# safe distance for termites from house?



## black (Aug 17, 2012)

So my first question in this forum may be a simple one
I was tearing down a fenced in "dog run behind our house and pulled up a 8 foot long of 4 x 4. as i pulled it was starting to rot and I found termites underneath.

The run was a square shape where the termites were found is about 10 feet from my deck which juts out about 10 feet from the house.

I am filling this "run" in with top soil and reseeding ( previous owner had it filled with 8 cubic yards of gravel which i had to remove...ughhh) Is there anything I should do about the termites. I never removed the wood left it there thinking if i move it they might move and maybe closer to my home. Live and let live? are they far away from the house ? 
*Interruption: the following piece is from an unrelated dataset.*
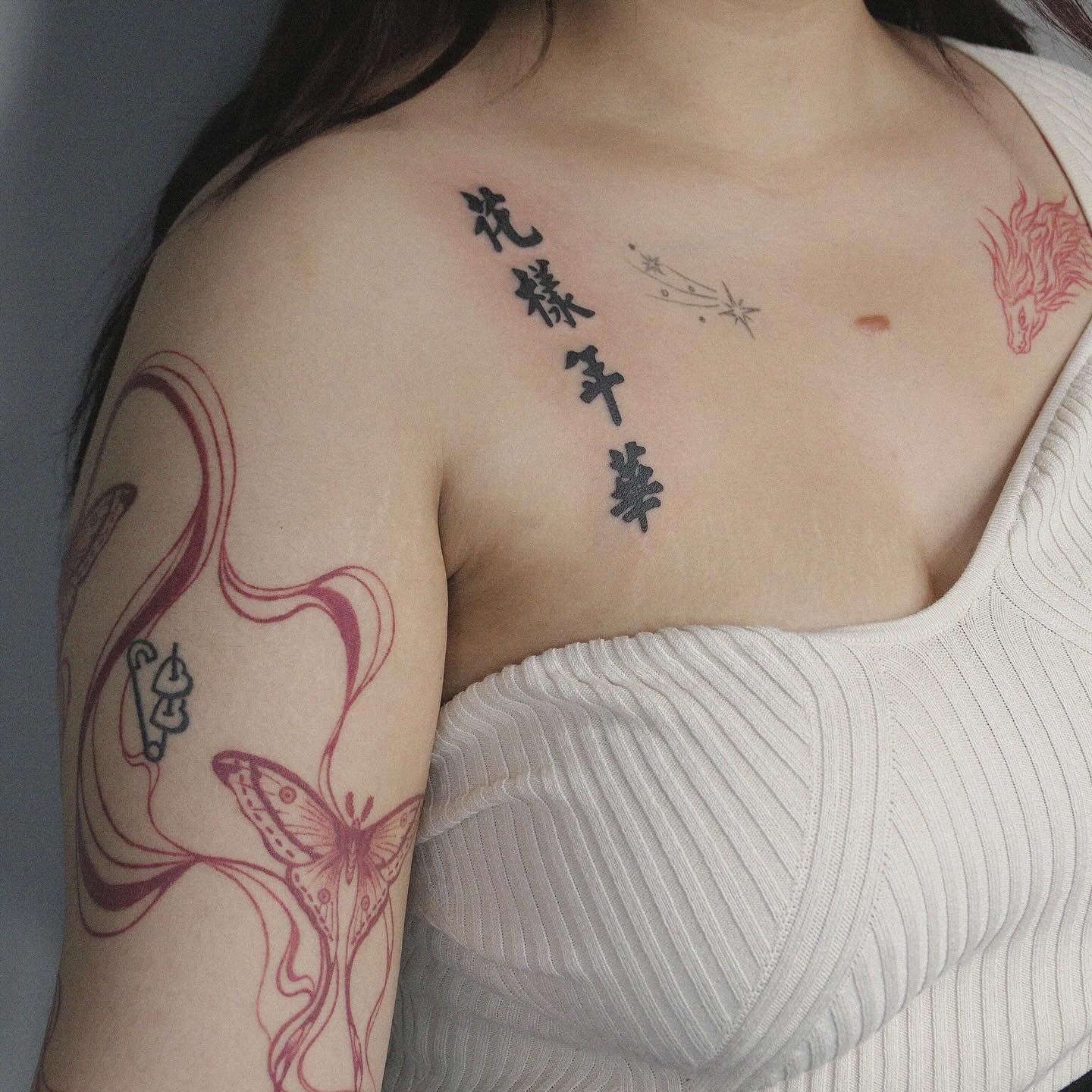 some additions for Juliana ❤️ thank youu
There is no other wood that is consistently damp near them. Soil is sloped away from house appropriately... some of the footing for the step sleading to the deck were placed in concrete versus having proper footing and are a little soft but they're 13 feet away.

any thoughts? Thanks for any insight

The topsoil to drop into the now excavated run is here and I wil be putting it in tonight/ tomorrow


----------



## joecaption (Nov 30, 2011)

You need to get all that old wood out of there or burn it.
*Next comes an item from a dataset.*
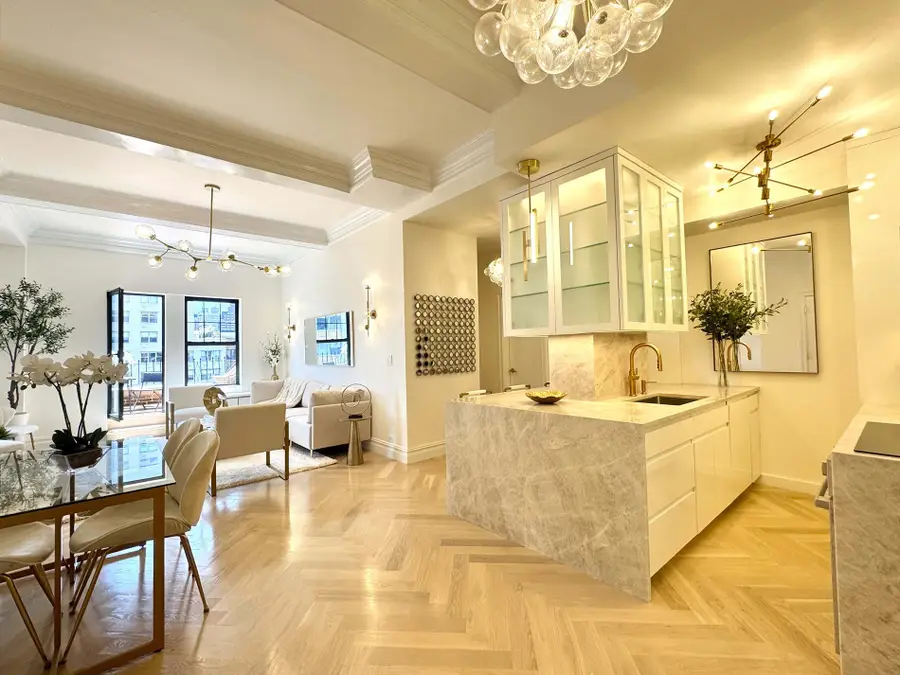 23 W 73rd Street #1504, Manhattan, NY 10023 - #2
Depending on where you live, what's on the property, and how long ago there was trees there before the land was cleared there could be lots of colonys of termites on anyones land that do no harm.

If your concerned get you house inspected, most companys will do it for free.

I use to here it all the time I inspected the house myself when I bought it so I know I do not have termites. 
#1 They may have bought it 10 years ago.
#2 What's the chance they even knew what to look for?
While there looking there also going to be looking for water damage, powder post bettles, fungus, standing water, all things that should have been addressed long ago.


----------



## black (Aug 17, 2012)

woods has been tossed but there were no termites in it.. I could see that that they actually had tunnels that went underground.


----------



## joecaption (Nov 30, 2011)

They live in the ground not in the wood if there Formosin termites.
There blind, the workers go out everyday trying to locate a food source. If they can not find anything under ground like old dead tree roots they can make mud tunnels to travel though. 
All it takes is a tiny crack in a foundation or missing morter and they can get in, go up inside the block wall where no one can see them, then into the bottom plates.


----------



## black (Aug 17, 2012)

House was recently purchased.. no termite in house or exterior
I understand they are naturally occuring. "ll keep an eye open in future for termite activity.


----------



## chrisn (Dec 23, 2007)

Be sure they are actually termites and not some other insect


----------



## black (Aug 17, 2012)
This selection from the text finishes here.